Aslında yine bazı yazılarımda da olduğu gibi, öyle sıfırdan, özgün bir kavram koymuyorum ortaya. Hepimizin bildiği bir şeyden bahsetmek istiyorum. Bildiğimiz ama umursamamayı, unutmayı tercih ettiğimiz bir şeyden. Akılcılıktan, ussallıktan, rasyonaliteden...
İnsanın daima akılcı, katı mantıkçı, pozitivist olması mümkün değildir. İnsan, hep dendiği gibi duygusal bir varlıktır. Zaten bilim ve de pozitivizm adına ne varsa, bu duygusal başlangıç sayesinde inşa edilmiştir. Bu konuda bir hak teslimi yapmak gerekir. Ancak yine insan doğasında olan çalışmama ve tembellik eğilimi bu duygusallığı artık insanı "insan" vasfını kaybettirecek bir akılsızlık ve farkındasızlık noktasına getirdiğinde bununla mücadele etmek gerekir. Ben de bu yazımda bu yönde bir çaba sarf edeceğim.
İnterstellar filminde Cooper, robot Tars'a dürüstlük parametresinin kaça ayarlı olduğunu soruyor ve Tars da ona "%90" cevabını veriyordu. Yani insanların %100 dürüst ve akıllıca davranması öngörülmüyordu. %90 oranının duygusal varlıklarla -yani insanlarla- daha iyi anlaşmak için uygun olduğu söyleniyordu. Ben bu oranın son derece iyimser olduğunu düşünüyorum. Gerçekçi konuşacak olursak belki %60'lara kadar düşen bir seviyeden bahsetmemiz gerekir.

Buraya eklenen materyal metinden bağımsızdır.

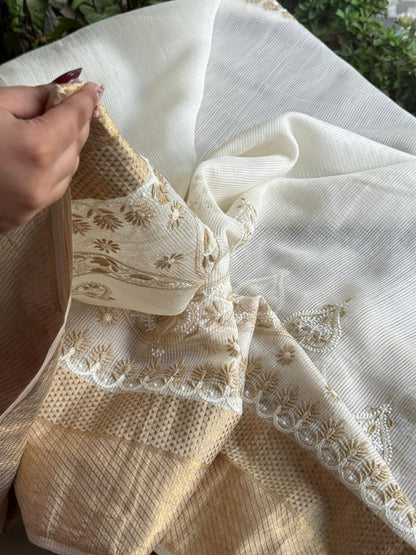 Mangalgiri Kota Chikankari Crescent Saree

Çoğu kez, bir şeyi gerçekten anlayarak değil, bizde "anlamış" hissiyatını yaratacak şeyler karşısında ikna oluruz ve çoğu kez neyi neden yaptığımızı bilmeden hareket ederiz. Bu bazen kültür, bazen moda, bazen de başka bir şeyin gereğidir. Zamanla bir şekilde oluşmuş ve gelenekleşmiştir. Kanıksanmıştır.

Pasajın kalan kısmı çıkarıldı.